It is inevitable. Because we use the "Occupy" name, we get asked about our politics. Is Occupy Advent a political statement? Are you a supporter of the Occupy movement(s)? Are you a parody of Occupy, trying to co-opt the word?
There is no single answer to those questions. But some thought has been given to the politics of Advent, some thoughts that we would like to share with you, discuss with you, and join in conversation with you about.
Before the season of Advent begins it is ushered in by the apocalyptic texts of the end of Ordinary Time (the Season after Pentecost), culminating in Christ the King Sunday. At the foundation of these Sundays - and also of the apocalyptic readings of the first Sunday of Advent - is the most basic Christian creed: "Jesus is Lord."
Still today, this is a troublesome claim. As a homiletical exercise prior to Christ the King Sunday, we placed various ideologies, ideas, and movements into the equation "If Jesus is Lord, then ________ is not." The not-so-shocking discovery we made?
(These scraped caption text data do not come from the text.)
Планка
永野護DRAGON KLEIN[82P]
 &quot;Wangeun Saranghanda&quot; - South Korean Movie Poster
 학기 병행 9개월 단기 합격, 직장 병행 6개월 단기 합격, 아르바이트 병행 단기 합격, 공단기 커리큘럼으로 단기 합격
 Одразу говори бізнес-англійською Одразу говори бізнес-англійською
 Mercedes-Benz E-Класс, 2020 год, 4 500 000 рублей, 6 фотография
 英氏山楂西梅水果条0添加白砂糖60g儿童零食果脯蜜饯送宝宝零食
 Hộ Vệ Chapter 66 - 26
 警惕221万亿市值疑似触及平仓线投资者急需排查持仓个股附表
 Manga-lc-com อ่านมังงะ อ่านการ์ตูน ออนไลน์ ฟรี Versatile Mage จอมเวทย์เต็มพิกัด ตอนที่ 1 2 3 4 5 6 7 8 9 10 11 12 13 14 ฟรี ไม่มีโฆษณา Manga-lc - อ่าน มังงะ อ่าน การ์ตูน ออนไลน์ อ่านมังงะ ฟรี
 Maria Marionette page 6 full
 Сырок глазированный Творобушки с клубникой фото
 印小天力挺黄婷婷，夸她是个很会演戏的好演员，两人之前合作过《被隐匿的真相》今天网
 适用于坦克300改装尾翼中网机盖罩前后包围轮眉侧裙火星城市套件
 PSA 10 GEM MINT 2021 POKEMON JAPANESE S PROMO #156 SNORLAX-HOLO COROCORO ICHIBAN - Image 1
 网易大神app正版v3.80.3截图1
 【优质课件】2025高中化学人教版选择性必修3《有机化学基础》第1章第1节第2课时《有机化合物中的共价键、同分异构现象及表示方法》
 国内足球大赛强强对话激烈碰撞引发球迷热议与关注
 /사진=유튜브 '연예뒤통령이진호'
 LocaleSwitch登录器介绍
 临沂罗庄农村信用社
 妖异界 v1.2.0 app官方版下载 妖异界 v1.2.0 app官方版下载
People loved when we told them that the things they despised are not Lord. People hated when we told them that the things they love are not Lord. In one night, with one train of thought, we simultaneously pissed of both Tea Partiers and Occupiers, socialists and capitalists.
It seems that we all have our idols, the things that we want to cling to as Lord. However, any Advent politics must begin with this affirmation: Jesus is Lord. And if Jesus is Lord, then my favorite political party, or ideology, or cause, or economic system, is not.
There is certainly more to be said, and we will return to this. For now, however, we leave you with this radical political claim, and the foundation of a politics of Advent: Jesus is Lord.